Every line from the one holding "με τα αποτελέσματα" through the one holding "Juicy Couture Hard" in the data below must be returned exactly, both ends included, with pictures left out and nothing else added.

BEGIN Given data

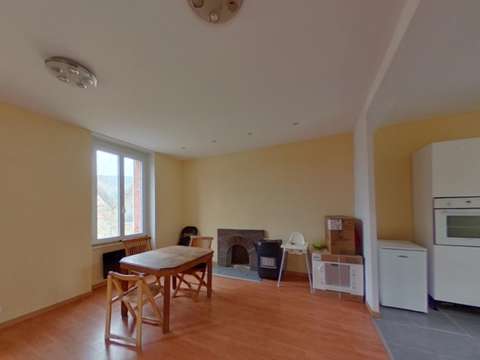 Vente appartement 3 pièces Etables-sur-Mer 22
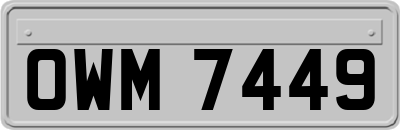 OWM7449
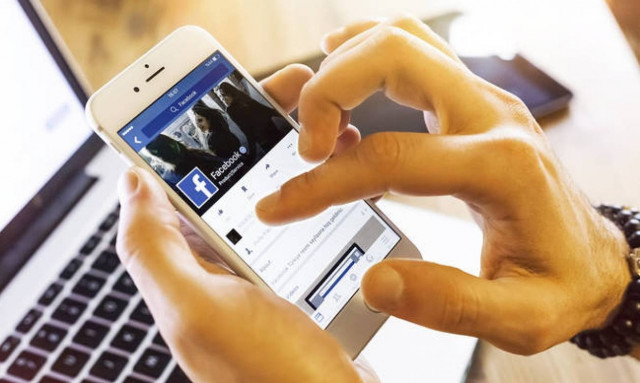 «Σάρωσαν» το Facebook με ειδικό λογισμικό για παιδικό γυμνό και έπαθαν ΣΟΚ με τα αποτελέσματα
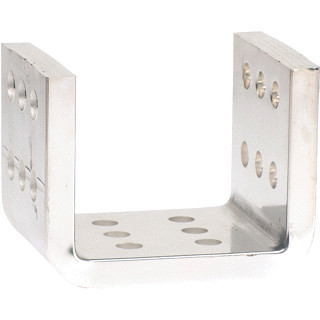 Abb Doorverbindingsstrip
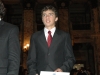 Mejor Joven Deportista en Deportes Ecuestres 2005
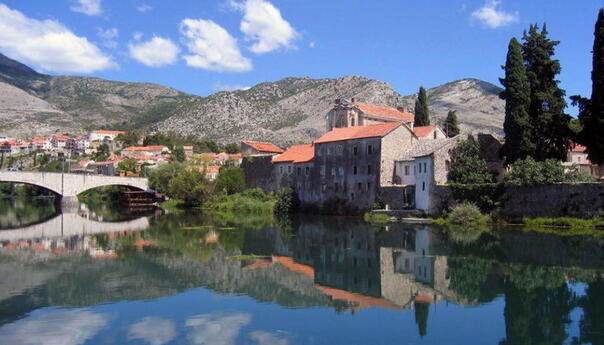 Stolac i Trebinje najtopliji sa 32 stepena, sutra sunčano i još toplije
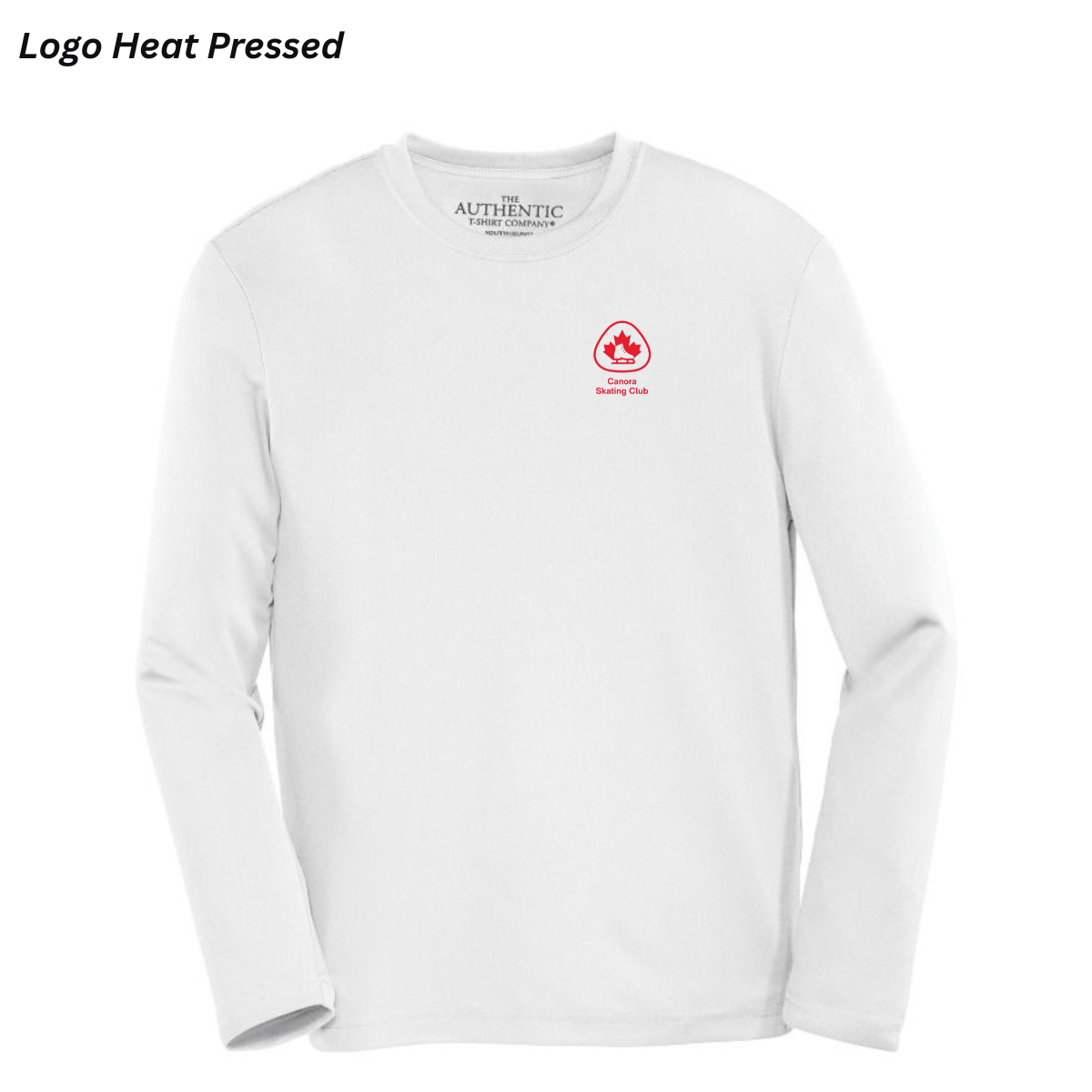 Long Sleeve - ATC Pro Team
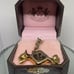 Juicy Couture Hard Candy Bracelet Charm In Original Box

END Given data
BEGIN Given data

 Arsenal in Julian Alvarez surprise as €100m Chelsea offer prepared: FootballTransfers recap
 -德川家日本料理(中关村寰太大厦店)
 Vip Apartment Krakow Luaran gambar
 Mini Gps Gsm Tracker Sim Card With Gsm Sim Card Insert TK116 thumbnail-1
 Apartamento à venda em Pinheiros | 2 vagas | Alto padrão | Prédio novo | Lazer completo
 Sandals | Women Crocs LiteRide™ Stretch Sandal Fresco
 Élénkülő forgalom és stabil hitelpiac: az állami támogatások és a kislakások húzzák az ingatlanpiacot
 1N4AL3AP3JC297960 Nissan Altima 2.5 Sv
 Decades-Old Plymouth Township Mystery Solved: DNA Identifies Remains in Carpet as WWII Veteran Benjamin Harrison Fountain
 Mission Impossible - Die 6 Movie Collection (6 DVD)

END Given data
BEGIN Given data

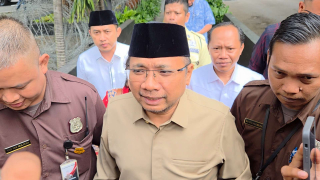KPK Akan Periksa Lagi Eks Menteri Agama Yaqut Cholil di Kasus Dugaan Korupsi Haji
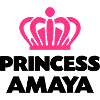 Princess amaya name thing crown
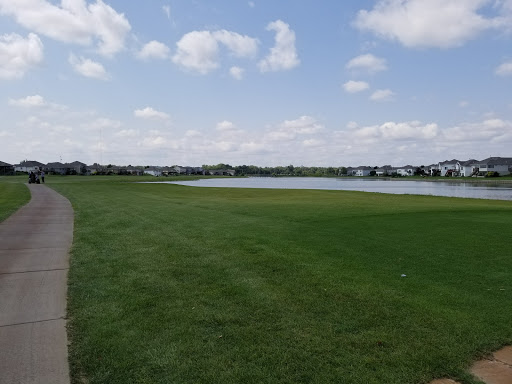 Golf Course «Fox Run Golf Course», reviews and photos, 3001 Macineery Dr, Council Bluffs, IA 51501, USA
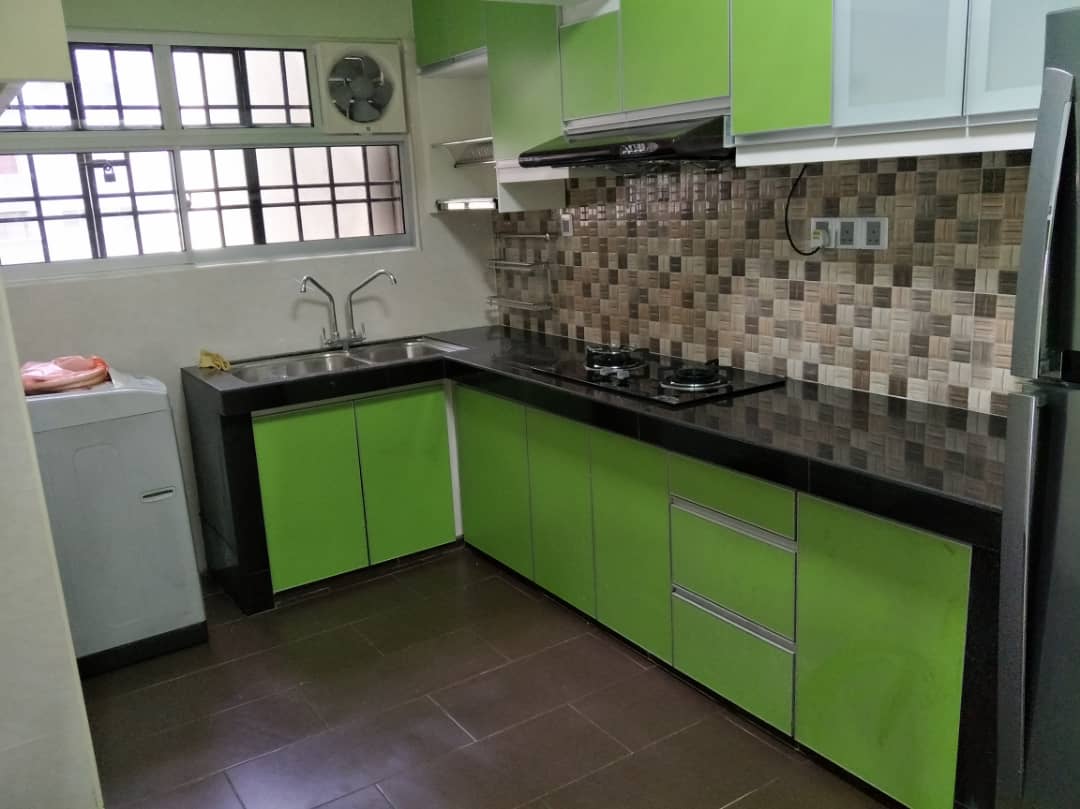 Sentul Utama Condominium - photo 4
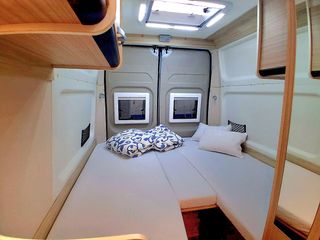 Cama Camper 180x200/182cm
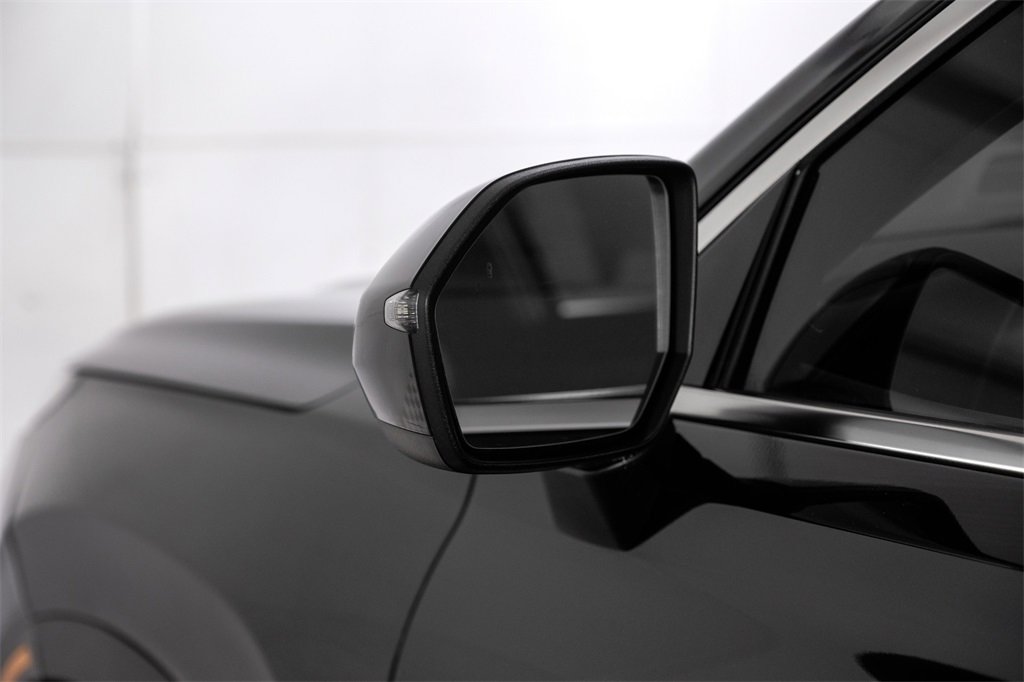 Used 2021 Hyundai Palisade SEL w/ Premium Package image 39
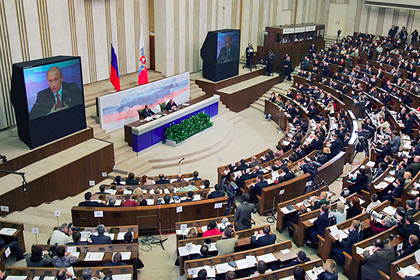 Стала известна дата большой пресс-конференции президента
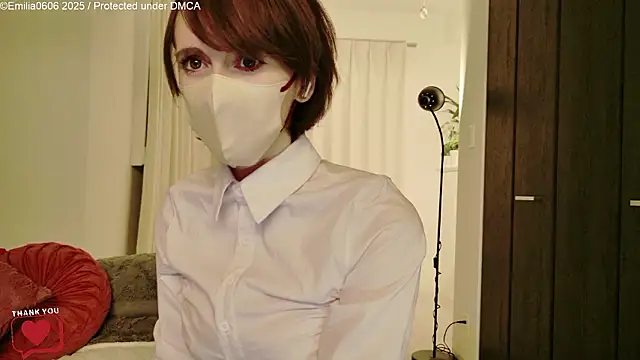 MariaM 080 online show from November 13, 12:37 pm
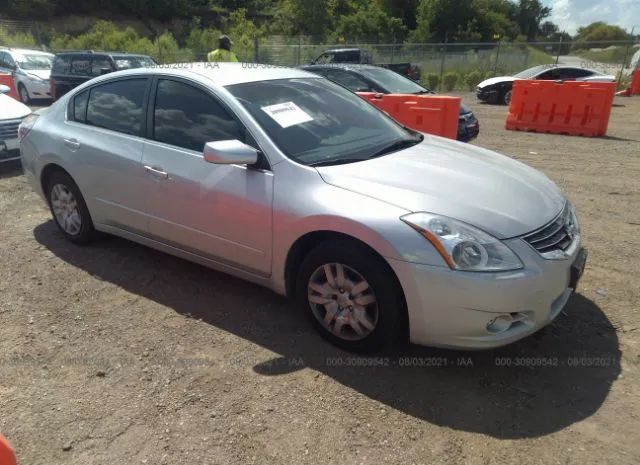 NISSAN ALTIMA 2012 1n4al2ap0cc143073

END Given data

Solution to this task.
 «Σάρωσαν» το Facebook με ειδικό λογισμικό για παιδικό γυμνό και έπαθαν ΣΟΚ με τα αποτελέσματα
 Abb Doorverbindingsstrip
 Mejor Joven Deportista en Deportes Ecuestres 2005
 Stolac i Trebinje najtopliji sa 32 stepena, sutra sunčano i još toplije
 Long Sleeve - ATC Pro Team
 Juicy Couture Hard Candy Bracelet Charm In Original Box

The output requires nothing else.